By: Professor Joe Regalia
When I ask judges what frustrates them most about lawyers, the conversation often turns to writing. I hear things like: “attorneys can’t write concisely,” and “why don’t law schools teach law students how to write?” Perhaps these problems persist because when you try to change how you write, you are butting up against years of subconscious habit—what I call your “writing intuition.” And just like making changes to other deep-seated habits in your life, changing your writing intuition takes significant work.
So how do you reprogram your writing intuition? First, identify a list of specific “writing moves” that you want to program into your writing. Second, use some concrete devices to incorporate those moves so that they become part of your writing intuition. Focusing on specific moves rather than generic writing principles keeps the reprogramming process manageable and concrete. More importantly, once you can spot the moves, it will be easier to consciously use them.

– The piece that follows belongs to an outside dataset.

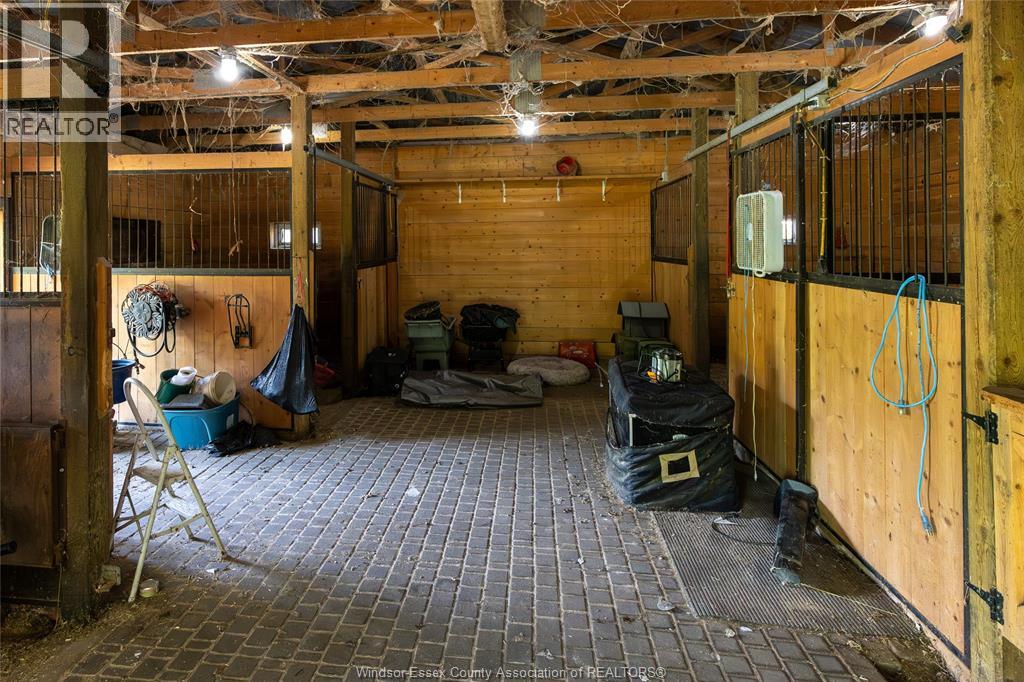 8510 Baseline, Windsor, Ontario  N0R 1K0 - Photo 19 - 25021349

You will see the moves at work in the things you read and in your own writing. Your “list” of concrete devices to incorporate the moves might include using concrete verbs, transitions, short sentences, and avoiding passive voice and nominalizations. If you cannot think of the key writing moves that you would like to start using, there are dozens of fantastic legal writing books to help you come up with a list, such as Richard Wydick’s Plain English for Lawyers.
Next, reprogram your writing intuition. To accomplish this, use your editing time to program new moves. Edit a draft only for a small handful of writing moves at a time. Mark in your draft each time that you use the move or should have used it. In so doing, you train yourself to spot these moves and wire your brain to recognize when each move is helpful. Focusing on a small batch also keeps the process manageable. Another method is to edit with a checklist, but force yourself to find at least five or ten examples of each move whenever you work on a project. Psychologists also suggest keeping a reminder around your computer screen with the list of moves you are working on and editing others’ writing to add some writing moves that are missing (such as adding transitions to a piece of writing that has none). Finally, there is no better way to reprogram your writing intuition than to read writing that uses effective new moves. So identify some exemplary legal writers that you aspire to emulate and read them voraciously. Even better, mark in the book you are reading each time you spot one of the moves you happen to be working on at the time.
Ultimately, reprogramming your writing intuition is a lifelong pursuit. Look for new moves every day and incorporate them. Also continuously ask yourself whether your current writing moves are worth keeping. The results will speak for themselves.